Our tapering setup is based on the flame-brushing technique and is shown in figure 4. It consists of two motors which pull the fixed fiber with a constant speed and a third motor which moves the heating device along the fiber axis, determining the shape of the resulting tapered fiber. Coating length of several cm is removed from the fiber prior to the fabrication of tapered fiber. Then the striped part of the fiber is cleaned thoroughly with acetone and isopropanol and placed horizontally on the translation stage and held by two fiber holders. The apparatus was situated on an optical table for mechanical stability, and the experiments were performed at room temperatures (22°C).

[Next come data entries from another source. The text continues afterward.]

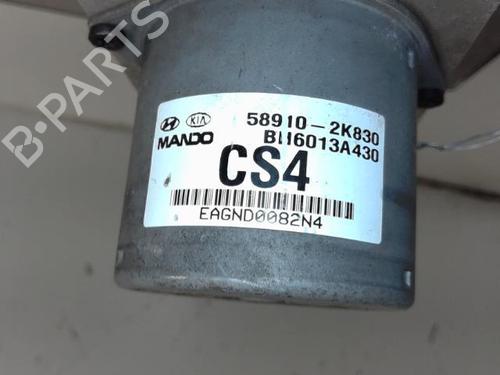 ABS pump KIA SOUL I (AM) 1.6 CRDi 115 | BP21292160M43 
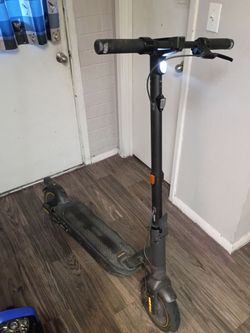 Segway Ninebot KickScooter MAX G2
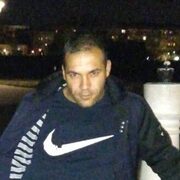 Шевкет Мамутов, 29, Саки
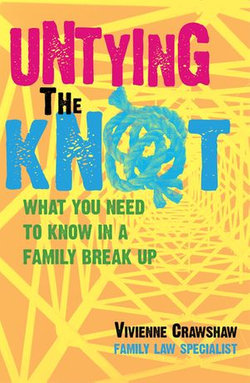 Untying the Knot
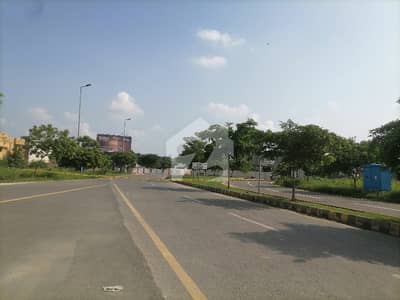 9 Marla Residential Plot In DHA Defence For sale At Good Location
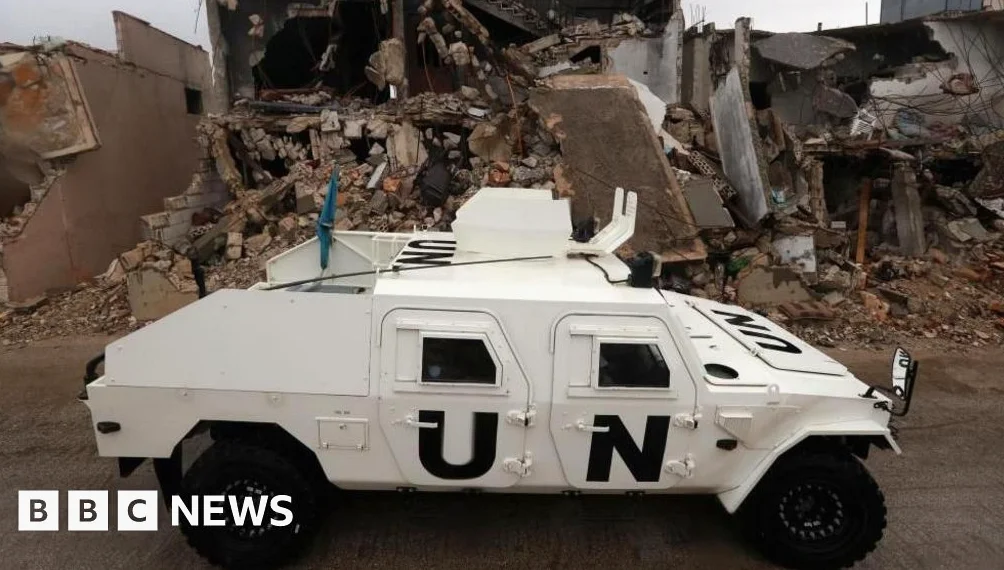 Two Indonesian UN Peacekeepers Killed in Explosion in Lebanon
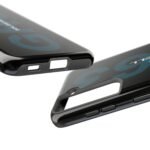 George Russell 63 F1 Phone Case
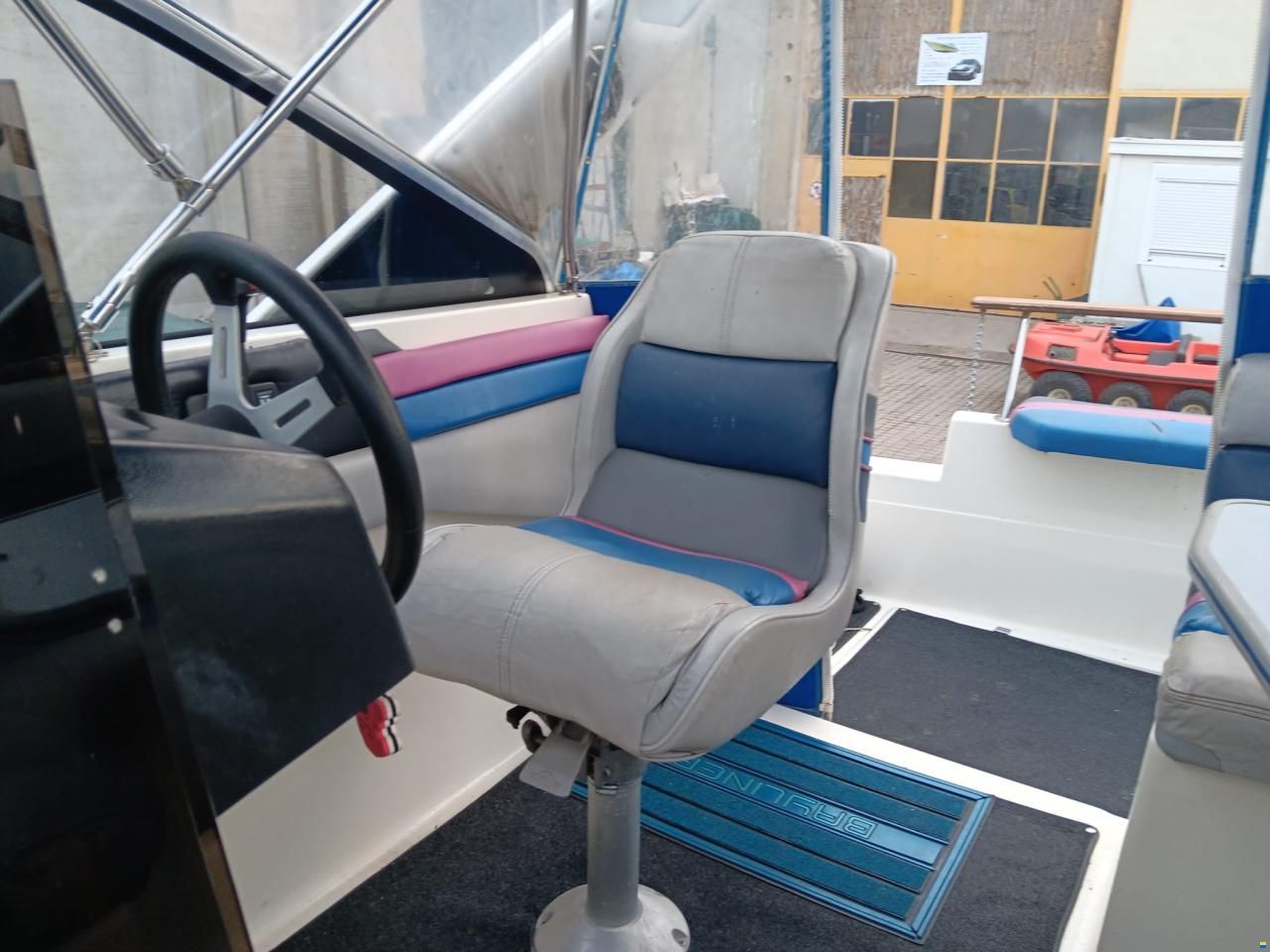 Bayliner 2655 CIERRA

Conventionally, the heating device used in the flame-brushing technique is a sophisticated oxy-butane torch, or an oxy-hydrogen torch, which requires that the gas flow rate must be precisely regulated in order to maintain a suitable temperature. In contrast to previous reports, in this work we use a portable Butane-power micro- torch (Pro'sKit, 1PK-Gs003N) as heating device, which is inexpensive and simple to use since it does not require an electronic system to control the gas flow rate. The micro-torch ensures a narrow flame to precisely control the length of fiber to be heated and, thus, produce tapered fibers with a homogeneous waist connected to two identical decreasing taper transitions.

Figure 5 shows the optimum working position to locate the optical fiber within the flame. With a thermal imaging camera (Irisys, IRI4000), we found that in the working area the average temperature is 900°C and the maximum difference between two points is 72°C. Clearly one can observe a region relatively wide compared to the diameter of the optical fiber where the temperature is approximately constant.

Results and discussion

In order to test the system, several Corning SFM-28 fibers were tapered to different waist diameters. Eventually, the system can be used with other type of optical fibers by adjusting the initial parameters as shown in equation (3). As an example, figure 6(a) shows diameter variation, measured under an optical microscope (Nikon Eclipse, LV100, measurement error: 5%), of the biconical tapered fiber fabricated using the tapering rig while Fig. 6(b) shows the SEM image of the tapered fiber with a waist diameter of 2r_w=5 μm. With this system were achieved adiabatic tapers up to 1 μm in diameter and 60 mm in length. As we can see, the taper shape is as expected, a 10-mm-length uniform waist and two exponentially decreasing profiles.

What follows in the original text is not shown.